As the 2014 NFL Draft gets ever closer, let's take a look back at what the Bears have done with their first round picks over the last decade.

Jeremy Brevard-US PRESSWIRE

It's no secret that the Bears have a spotty draft history over the last decade. In fact, there's no sugarcoating it here, this article will drudge up memories of disappointing players.

The point isn't to discourage optimism for next month's first round pick or to dump on former general manager Jerry Angelo.

The fact is the overall drafts weren't as good as they should have been. In fact, with the departure of Devin Hester, the sole draft of the last 10 for which the Bears still have a player on their roster is 2008 (Matt Forte and Craig Steltz). Obviously some of that is down to normal roster turn over with the new regime in charge, but it is still worth noting. Especially since none of the players the Bears took between 2004 and 2007 are still with the Bears.

So the track record isn't great. That's established. Now let's look back at the first round picks of the last decade. Over that time the Bears actually only had seven first round picks because they traded out of the first round in 2006 and they gave up their first round picks in 2009 and 2010 in the Jay Cutler deal.

Before someone posts it, Cutler doesn't count as a draft pick. They gave up two picks for him but they did that because they were unable to select someone of his caliber in the previous drafts.

The players the Bears did pick are:

2004: Tommie Harris, DT, Oklahoma (No. 14 overall)

2005: Cedric Benson, RB, Texas (No. 4 overall)

2007: Greg Olsen, TE, Miami (Fla.) (No. 31 overall)

2008: Chris Williams, OT, Vanderbilt (No. 14 overall)

2011: Gabe Carimi, OT, Wisconsin (No. 29 overall)

2012: Shea McClellin, DE, Boise State (No. 19 overall)

2013: Kyle Long, OG, Oregon (No. 20 overall)

So who was the best out of these players?

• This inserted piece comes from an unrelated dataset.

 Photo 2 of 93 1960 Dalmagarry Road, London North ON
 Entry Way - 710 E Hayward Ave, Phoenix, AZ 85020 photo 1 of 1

The Bears managed to get a grand total of four total Pro-Bowl appearances out of these seven players (three for Harris, one for Long). Before injuries robbed Harris of what made him great he was as dominant at his position as there was in the league. Olsen and Benson were disappointing in Chicago but found success elsewhere (and Olsen may have had it not been for Mike Martz). Long was great for one year but is it too early for him to be considered the best of the era?